Dawes Keeps It Simple

Music Features Dawes
Share Tweet Submit Pin

“I think for me, being the songwriter, it sometimes feels like you are doing bumper bowling. You keep hitting all these obstacles,” says Taylor Goldsmith, leader of the California folk-rock band Dawes. “You have to straighten yourself out and get in the groove and just do what is natural to you.”

Dawes still delivers songs that put listeners in mind of the Laurel Canyon scene, but Goldsmith has honed his writing to such a degree the songs are even more sophisticated, introspective and, yes, natural-sounding than they were on the previous three albums.
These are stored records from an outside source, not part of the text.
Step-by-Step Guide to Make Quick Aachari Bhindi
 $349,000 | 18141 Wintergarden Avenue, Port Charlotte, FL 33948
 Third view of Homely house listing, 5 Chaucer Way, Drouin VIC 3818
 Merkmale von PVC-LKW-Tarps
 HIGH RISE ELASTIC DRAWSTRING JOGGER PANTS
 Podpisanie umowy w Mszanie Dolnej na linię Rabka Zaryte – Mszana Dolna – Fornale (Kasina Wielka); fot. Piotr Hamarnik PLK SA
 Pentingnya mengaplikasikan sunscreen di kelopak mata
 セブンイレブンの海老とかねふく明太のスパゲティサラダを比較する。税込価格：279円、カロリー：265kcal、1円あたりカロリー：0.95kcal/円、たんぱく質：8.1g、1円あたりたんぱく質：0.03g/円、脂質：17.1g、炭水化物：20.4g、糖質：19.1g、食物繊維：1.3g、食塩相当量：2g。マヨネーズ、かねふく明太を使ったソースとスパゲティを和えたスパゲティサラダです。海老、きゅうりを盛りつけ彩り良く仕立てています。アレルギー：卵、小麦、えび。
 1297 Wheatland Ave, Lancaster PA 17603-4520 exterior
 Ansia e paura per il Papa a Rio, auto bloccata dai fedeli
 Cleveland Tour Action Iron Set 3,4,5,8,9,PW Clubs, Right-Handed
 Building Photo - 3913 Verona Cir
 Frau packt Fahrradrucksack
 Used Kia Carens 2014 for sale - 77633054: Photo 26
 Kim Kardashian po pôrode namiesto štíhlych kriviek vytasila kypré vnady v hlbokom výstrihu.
It’s likely no surprise that Goldsmith writes about the fallacy of “charms and riches” lasting (“Waiting for Your Call”) and spends almost 10 minutes reflecting on heartache (“Now That It’s Too Late, Maria”). He prides himself on writing songs that find him at his most “comfortable and confident” but stretching the boundaries—or in his words, hitting those pesky bumpers—to better express his innermost thoughts. The trick, he says, is not to overthink the process.

“For all the inventiveness and innovation of Neil Young, he won’t tell you to go join a jazz band,” Goldsmith says of the legend’s advice on how to stretch creatively. “This is a process that never stops and I’ll be happy never to be done with it. I hope to be honing my craft for my entire career [because it] involves a lot of searching to understand who I am. But somewhere along the line, you also have to remember this is super simple.”

Goldsmith is well-schooled in such lessons. His dad, Lenny Goldsmith, is a former member of Tower of Power and Sweat Hogs. In a way, Goldsmith received a graduate education in music when he was just a child not just from his father but also from the family’s musical pals, including Miles Joseph, one of the best-known members of Bob Dylan’s famous gigging bands, who gave him his first electric guitar.

Talking to Goldsmith, it’s clear he still immerses himself in learning from others. He speaks of Mike Scott of The Waterboys, who often approaches albums with a stash of 40 or 50 songs. “That was so interesting. I’ve never been one to go into the studio with a shitload of songs,” he says, reveling in various artists’ processes. “For me, I pretty consistently have the same amount of music. It’s never a matter of if a song isn’t working, it’s more a matter of us not nailing a performance.”

Some who hear the bands’ latest record might turn their heads at that last statement because Goldsmith and his bandmates have a well-earned reputation of nailing each song. That’s certainly true on All Your Favorite Bands, which was recorded as close to live as possible.

Goldsmith credits producer Dave Rawlings with helping him bring his often sardonic yet always-thoughtful words, chords and melodies to fruition.

“Dave is a genius,” Goldsmith says. “When he wanted to talk about a subdivision or a beat or an added note…he really got into specifics because he knew how this band operates. It felt like he was a fifth member of our band.”

And an especially creative one at that. Goldsmith credits Rawlings with strengthening the songs overall but seems especially pleased with Rawlings’ influence on “Things Happen,” which originally clocked in at over six minutes long.

“It had this bridge, pre-chords, a chorus and these lengthy sections. There was so much there—it was overinflated,” he says. “It was really fun to write, and I like writing more rather than looking at a page and saying ‘This needs more.’ I’m a stubborn songwriter, though, it hurts to cut…and he was fighting my stubbornness as we stripped it down…Now I’m so glad it underwent the changes. It makes more sense than it ever did now that all the fat has been trimmed.”